Editor’s Note: The following column is reprinted with permission from the Spring 1987 issue of Helix, the quarterly magazine of the University of Virginia Medical Center.
How many of our young people will have to be infected by the AIDS virus before we know we have to work with them—not against them—to prevent the further spread of AIDS? Will we decide that death is worse than embarrassment in time to save our children—and perhaps ourselves?
We face years of waiting for a safe, effective vaccine that cures AIDS. We must anticipate long delays in the arrival of predictably efficacious therapies to destroy or inactivate the virus and to restore the potency of the immune system. And yet the promise of substantial intervention to reduce the future numbers of those infected, sick and dying exists even today.
Good, clever, explicit, easily accessible education is our best response to the crime of AIDS. To be effective, information about risk reduction must be direct; it must teach by word and picture, not by euphemism and implication. It must speak to its audience in their language, using their terms, accepting their definition.
No one understands what “don’t exchange body fluids” means. Does that mean sweat? In a society where “sweat” is more palatable as “perspiration,” where matters physical and sexual are comfortably distanced by the cleansing power of less offensive words, we had better learn—and quickly—to say what we mean.
It is not enough to talk about sex as a family affair. It is not enough to talk about heterosexual sex or vaginal sex or masterbation or contraception. It is also necessary to talk about homosexuality anal and oral sex and other sexual practices that are much more common in America’s straight and gay bedrooms than in polite conversation.
And we must talk about these things to our kids. They face an incredible challenge. As adolescents, their normal development process dictates curiosity about sexuality. We can suggest they “just say no” to sexual activity, but most these days choose otherwise. And who can be surprised? Advertising, peer pressure, parental example and America’s quest for easy gratification all commonly emphasize the importance of sexuality, attractiveness and “fitting in.” We teach them that sex matters. Why can’t we teach them how to be careful?

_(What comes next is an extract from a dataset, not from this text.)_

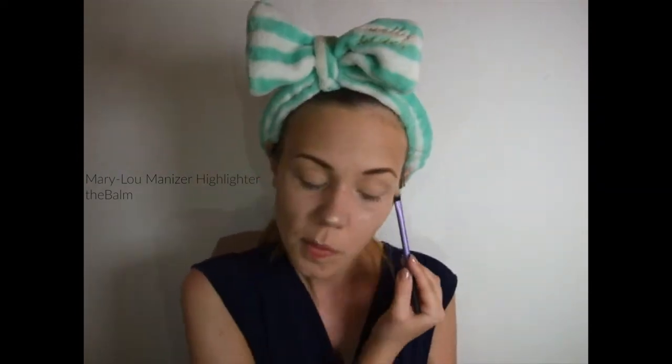Next up, I'll be using my Real Techniques base shadow brush and my Mary Lou highlight. Next up, I'll be using my Yves Saint Laurent Blush Voltaire in the shade 6 Pachene, and I'll be applying that with a big powder brush.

We must separate the issues of contraception and disease prevention. Writing or talking about condoms as barriers to the transmission of sexually transmitted infections is not a moral issue. We also somehow need to separate the issues of morality and safety enough to talk plainly about the latter. The AIDS virus is not a moral agent.

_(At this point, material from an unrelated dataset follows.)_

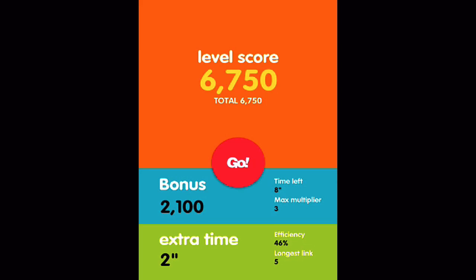6,750 and we get a bonus of 2,100 points. 46% efficient with a longest link of five. From here we could just jump right into the next level, but that basically covers the gameplay so let's jump into the wrap-up.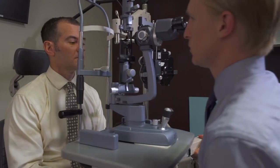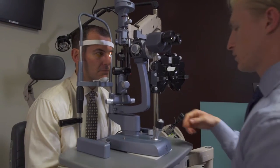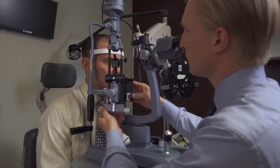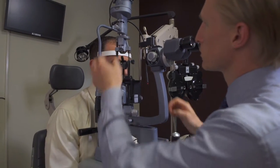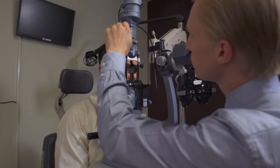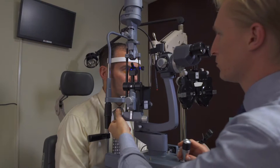That eye drop was fluorescein to help with the appearance on the mires so that you can see them when they're doing the pressure check. The way I like to check pressure is with the patient aligned at the slit lamp — bring the tonometer in, over to the cobalt blue light with a nice broad illumination.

Our schools are our most obvious resource in this dilemma. We must unleash our teachers. We must have sex education, not just “family life.” Our classrooms must become workshops for risk reduction—places where the discomforts and embarrassments that stand between parents and children will not interfere with passing along life-saving information. Back home, we can teach values at school, let us recognize that lots of different value systems exist.
Some of our children will “just say no” to sex. Most will no more be able to do that than to “just say no” to adolescence, maturation and psychological development. But we can teach them to “just say no” to AIDS. We can teach them that self-respect and self-esteem are important, that respect for one’s partners is important and that those who are sexually active need to know certain risk reduction skills.

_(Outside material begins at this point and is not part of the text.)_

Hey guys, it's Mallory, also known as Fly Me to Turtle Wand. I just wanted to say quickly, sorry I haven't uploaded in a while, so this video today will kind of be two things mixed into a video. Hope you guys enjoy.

These days, you might call those survival skills. Teaching them will be embarrassing at times. Some of the terminology will offend. Some of the concepts will startle. But the stakes in AIDS education are high indeed. No amount of anyone’s sense of decorum is worth the unnecessary loss of one life. Some of our sons and daughters will be infected by the AIDS virus while we are paying too much attention to our scruples. Their survival is more important than our sensibility.